§ **TASK TO COMPLETE**
From the first line to the last, copy the listing exactly and omit the images.

═════ DATA SHOWN

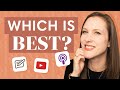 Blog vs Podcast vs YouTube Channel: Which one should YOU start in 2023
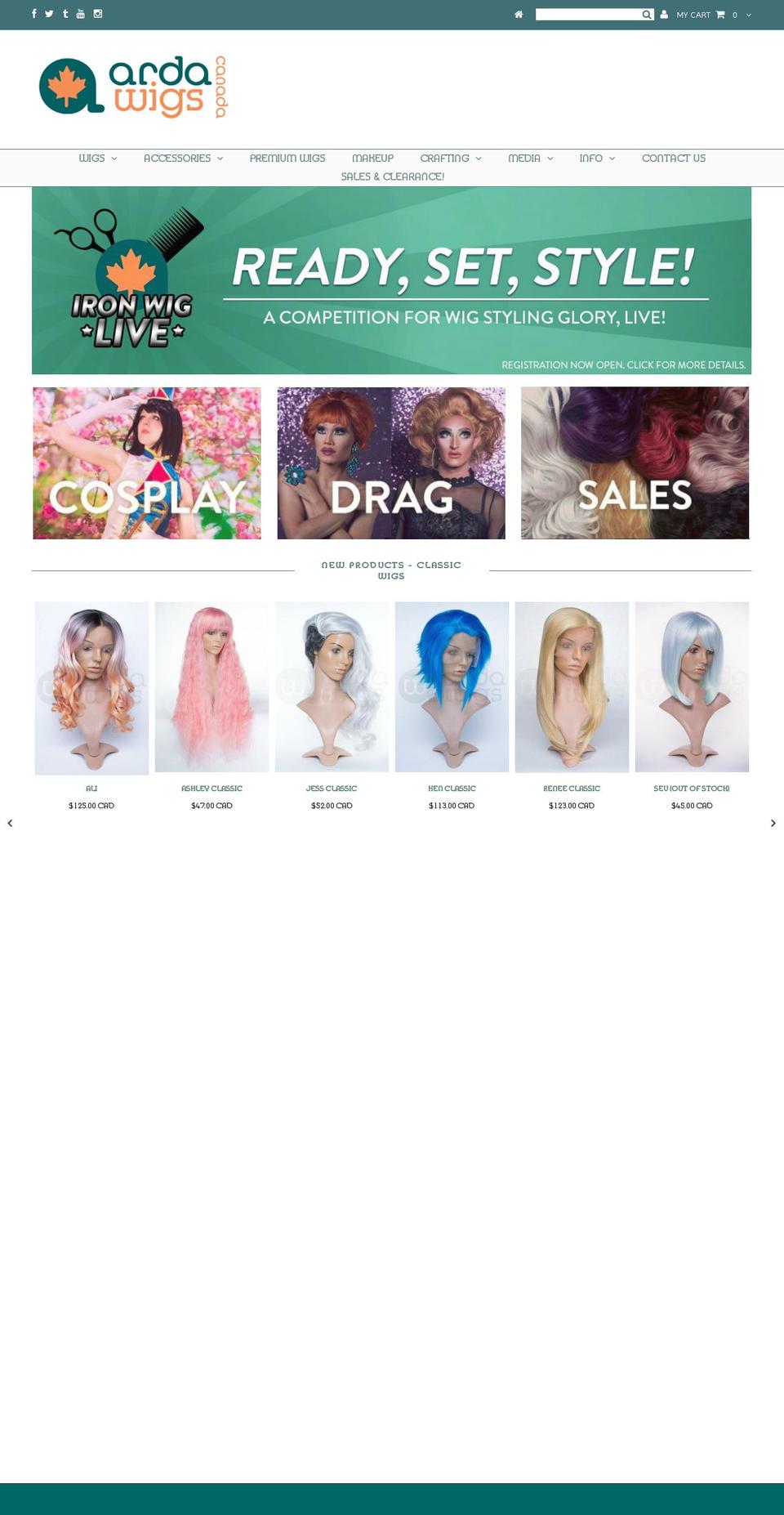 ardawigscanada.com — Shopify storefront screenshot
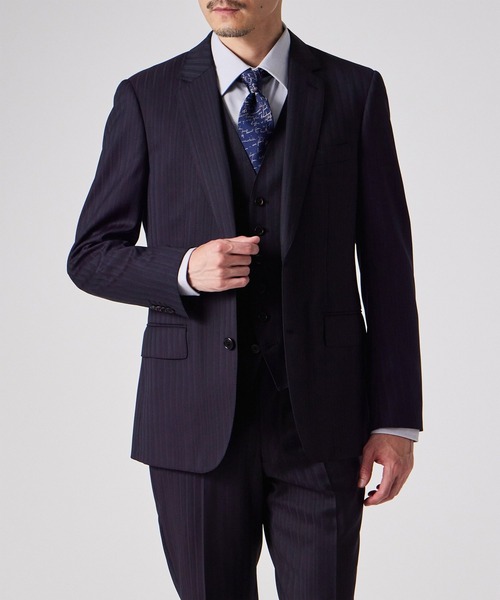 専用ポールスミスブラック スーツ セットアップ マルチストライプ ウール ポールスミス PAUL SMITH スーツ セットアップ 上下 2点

══════════

§ **ANSWER BELOW**
 Blog vs Podcast vs YouTube Channel: Which one should YOU start in 2023
 ardawigscanada.com — Shopify storefront screenshot
 専用ポールスミスブラック スーツ セットアップ マルチストライプ ウール ポールスミス PAUL SMITH スーツ セットアップ 上下 2点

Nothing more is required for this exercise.